Bond issuance sizes in the ESG space are growing, and the average size of the deals are growing too. The proportion of benchmark-sized deals – measured by the Climate Bond Initiative (CBI) as over US$500 million – globally in the past year increased to 64% of the total, up from 56% in 2017, while the total volume of issuance has nearly doubled in that period from US$156.9 billion to US$290.1 billion.
That puts the deals at benchmark size up from US$87.9 billion in 2017 to US$185.6 billion in 2020, which in one sense is good news. As deals become concentrated the frequency with which buy-side traders repeat the processes involved in getting allocations reduces.
Primary markets are a key source of fixed income assets with many buy-and-hold funds in the green space hoovering up new issues as soon as they come to market. The composition of issuers is changing significantly year-on-year, with volume of bonds issued by non-financial corporates doubling between 2018 and 2019, then government-backed green bond issuance doubling between 2019 and 2020.

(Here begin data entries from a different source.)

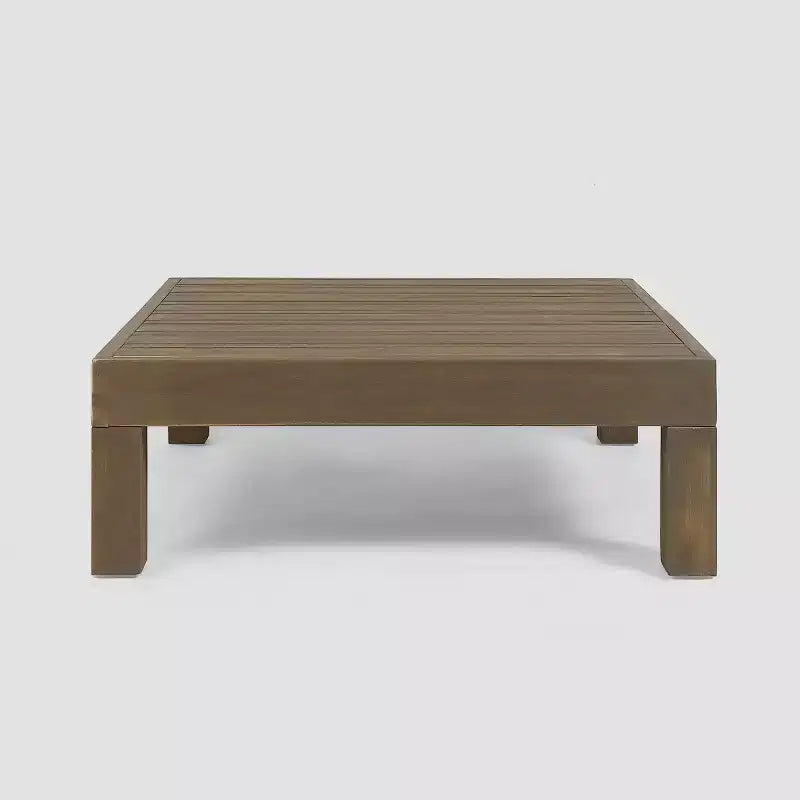 Divano e tavolo modulari Brava 4 pz in acacia: resistenti alle intemperie, con schienale a croce - Christopher Knight Home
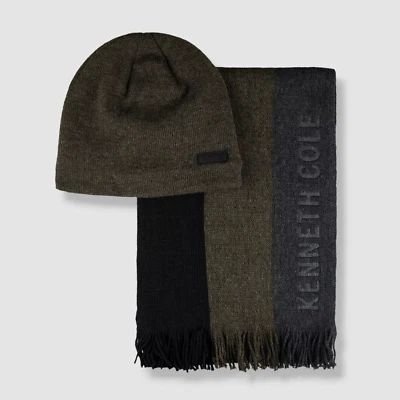 $54 Kenneth Cole Reaction Para hombres Conjunto de Bufanda y Gorro a Rayas Verdes Logo OS Foto 1 de 4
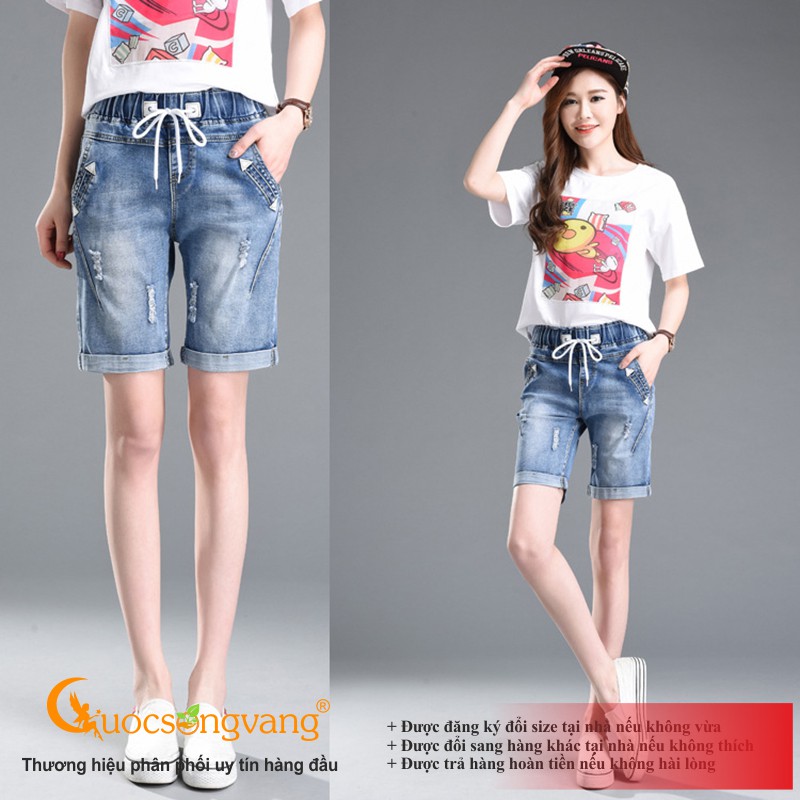 Quần nữ quần short jean nữ lưng thun co giãn GLQ034 Cuocsongvang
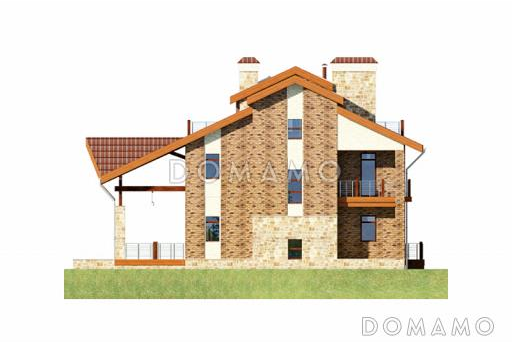 Проект дома из кирпича для неровных участков / Фасад 3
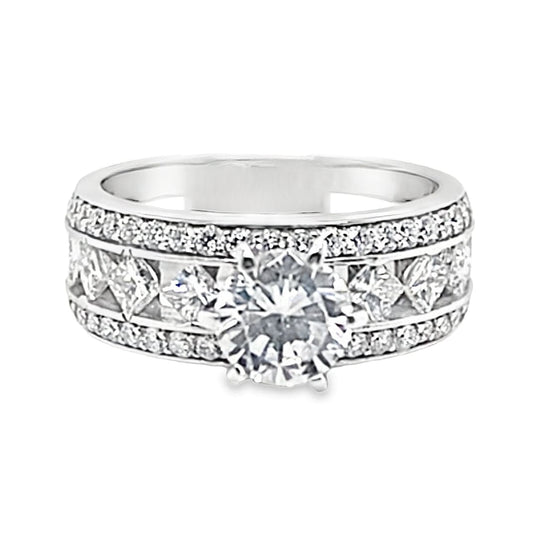 14K WHITE GOLD CZ CENTER (6.5 MM RBC) 1.30 CT TW NATURAL ROUND BRILLIANT AND PRINCESS DIAMOND ACCENT FLOATING STYLE RING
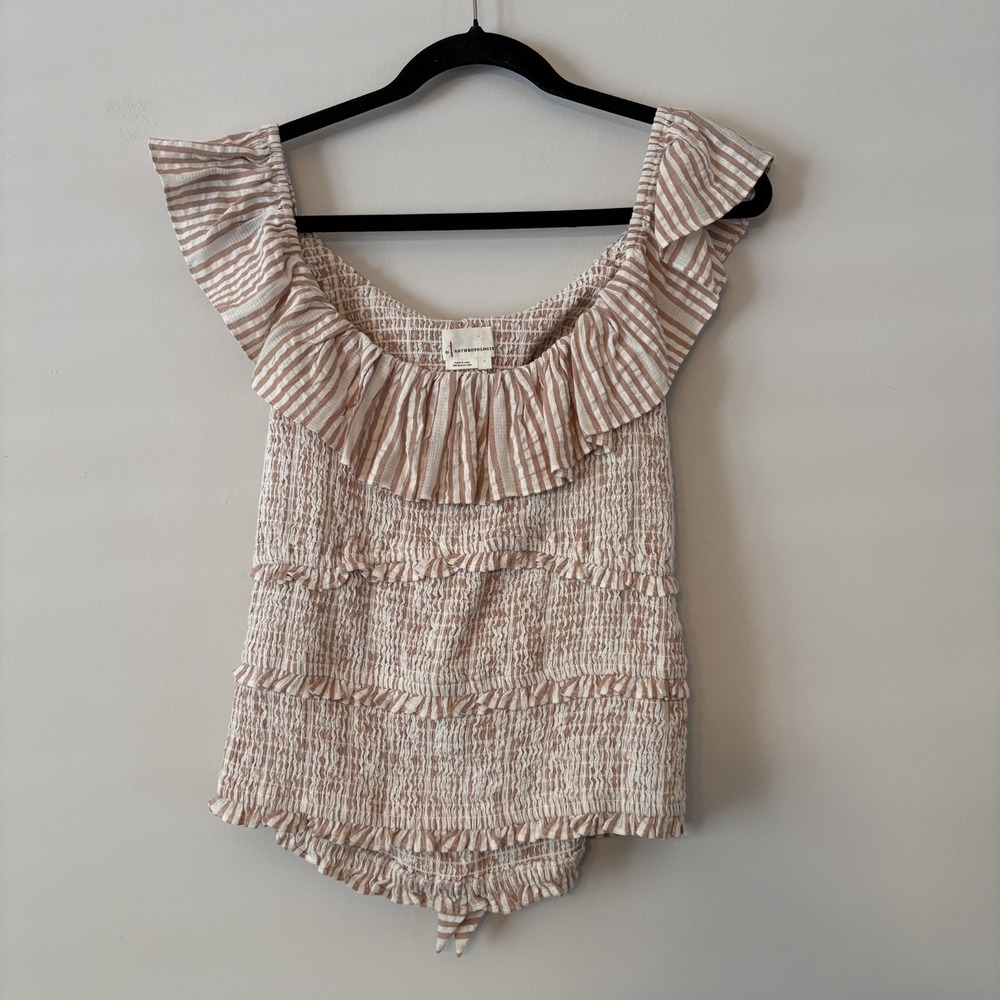 Anthropologie Smocked Open Tie Back Striped Top L Ruffle Cottage Boho‎ Festival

In 2021 the level of issuance has already reached US$230 billion by 23rd July, according to CBI data and although investment manager NNIP has predicted this year would see new issues of US$300 billion, it seems clear that level could be surpassed. Fund managers are also seeing continued appetite amongst investors, creating a tension between available supply and demand. In secondary markets voluems have also grown, with MarketAxess reporting US$13 billion worth of green bonds traded in Q2 2021, up from US$6 billion in Q2 2020.
The one market in which issuance will be more of a concern is the US, which has an outsized number of bond issues to the value being raised. If primary markets platforms prove a success this year in the North American market that may ease some of the pressure on buy-side desks.